Flawed media coverage deters female aspirants

There is undue focus on their age, marital status and appearance

In Summary

• Forum called out double standard in how women, men are portrayed by media

• Tough women like Ngilu, Karua are termed 'Iron Ladies' while tough men are not

MePAW programmes director Olive Gachara during the Women in Politics media engagement webinar on October 12
MePAW programmes director Olive Gachara during the Women in Politics media engagement webinar on October 12
Image: COURTESY

Women in politics are asking the media to help them change gender stereotypes in politics to increase the number of women in the profession.

According to the Mechanisms to Promote the Advancement of Women (MePAW), women’s age, marital status, appearance or place, or marriage are focused on more than their political agenda.

MePAW programmes director Olive Gachara said aspiring women politicians shy away from politics because they are afraid of these negative stereotypes surrounding the profession.

She was speaking during a Women in Politics Media Engagement webinar for Western region on Tuesday, hosted by MePAW, Mzalendo Trust and the Ministry of Gender.

“When women politicians are seen first as wives, mothers or sex objects before they are viewed as politicians, then they become demoralised,” she said.

Gachara said there is a double standard that women are forced to endure as their male counterparts are not portrayed in the same way.

The most common gender stereotype of women politicians, Gachara says, is that of the Iron Maiden, where women are described as Iron Ladies.

“Women such as Martha Karua and Charity Ngilu are referred to as Iron Ladies simply because they are tough. However, men are not called Iron Men for being the same way,” she said.

Politicians attending the webinar expressed the need for women to band together and help increase their numbers in politics.

When women politicians are seen first as wives, mothers or sex objects before they are viewed as politicians, then they become demoralised
Olive Gachara

Busia woman representative Florence Mutua said women should strive to campaign like women and not like men by keeping it clean and respectful.

“We should be there for each other instead. When a woman stands on a podium to insult another woman, it brings us down,” she said.

Gender CAS Beatrice Elachi urged aspirants to believe in themselves and go for elected seats instead of waiting for nominations.

She also urged the youth to get registered as voters to help vote in more women to office.

“If we can get 400 women MCAs elected, then we will have achieved the 2/3s gender rule,” she said.

A report done by Mzalendo Trust in July found it costs women an average of Sh23.9 million to run for woman representative, Sh21.2 million to run for MP, and Sh4.1 M to run for MCA in the Western region.

Nominated Senator Naomi Shiyonga said women’s political aspirations should not be crushed due to lack of finances.

She asked political parties to help women aspirants equally financially with their male counterparts.

Gender CS Margaret Kobia’s senior policy adviser Elizabeth Adongo said there is much to be celebrated in regards to women’s participation in politics.

“We need to celebrate and appreciate where we have come from. Women are getting more media coverage than before,” she said.
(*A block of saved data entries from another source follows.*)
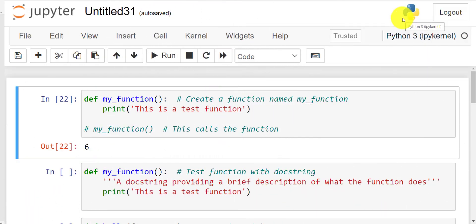Hi guys, welcome back to my channel. My name is Eno. In today's video I'll be talking about functions in Python. A function is nothing but a block of code that performs a specific task. In Python, functions allow reuse of code, they allow us to break down large pieces of code into smaller pieces, and also allow us to share code and avoid reinventing the wheel — most of the basic functions you want to do, you'll find there's already a function out there.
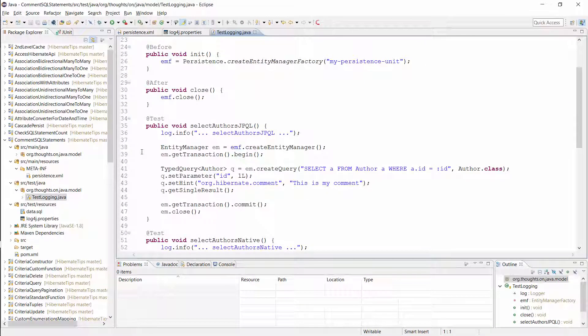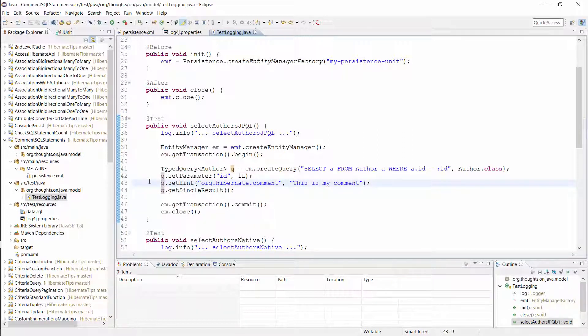Hibernate will now generate a comment for each query, but the generated comments are often not useful to find a specific query. You should therefore use the org.hibernate.comment query hint to provide your own comment. I'll do that in this test case to set the SQL comment for this query to 'this is my comment'.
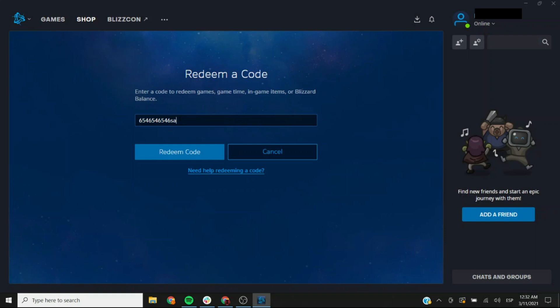And keep in mind that this one does not populate the dashes automatically so you're going to have to do it as well just like it's showing on the code.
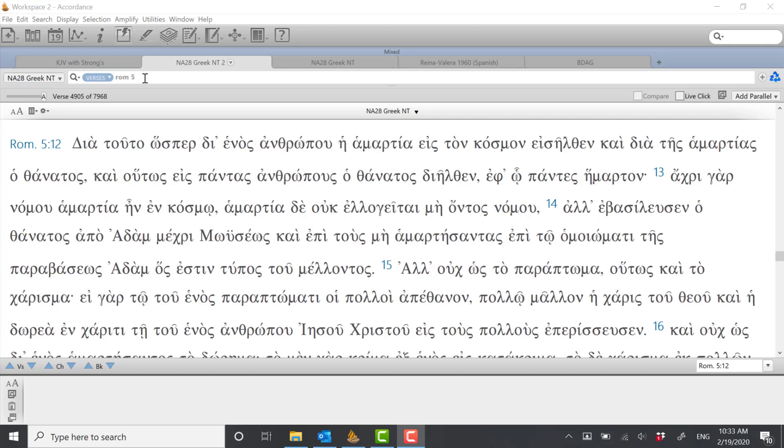Welcome to another video. In this video we're going to look at the grammar of Romans chapter 5 verses 12 through 21, and this is a continuation of a previous video where we looked at the grammar of 5 verses 1 through 11.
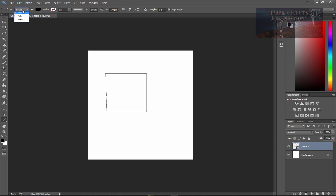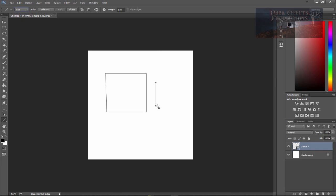Or simply come over here and choose path and now you can draw all the lines that you want and it will stay as one layer.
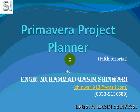Auzubillah min shaitanirajim bismillahirrahmanirrahim. Assalamualaikum. Welcome to Primavera Project Planner 5th tutorial.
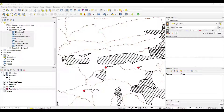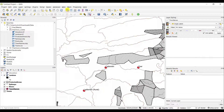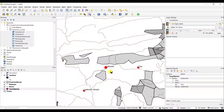Another way of extracting information about a feature in your view is by using the Identify tool. This is part of your icons right at the top of your map view. Simply click on the little I, the Identify Features button, and drag across the feature you would like to identify. Alternatively, you can simply click on it as well to identify it.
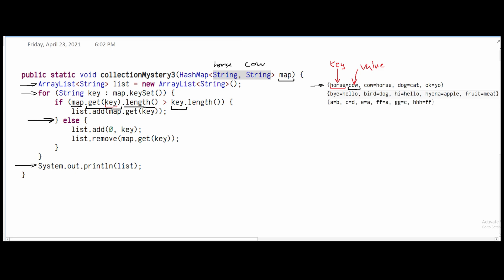In the else statement, we have list.add at index zero, meaning we add the key at position zero. So horse gets added to index zero of the list. Currently our list contains horse. Then we call list.remove(map.get(key)), which looks at the key horse and removes the value cow from the list. As we can see, none of our list values are cow, so nothing is removed.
“We have 23 women vying for gubernatorial seats in Kenya. This is truly something to celebrate, although there is still much to be done.”

Adongo urged women to centre their political agenda on issues such as election and gender-based violence as well as teenage pregnancies.

“These are issues that people call soft issues or women’s issues, but that is not true. These are critical issues that plague us and we need to solve them as urgently as we can,” she said.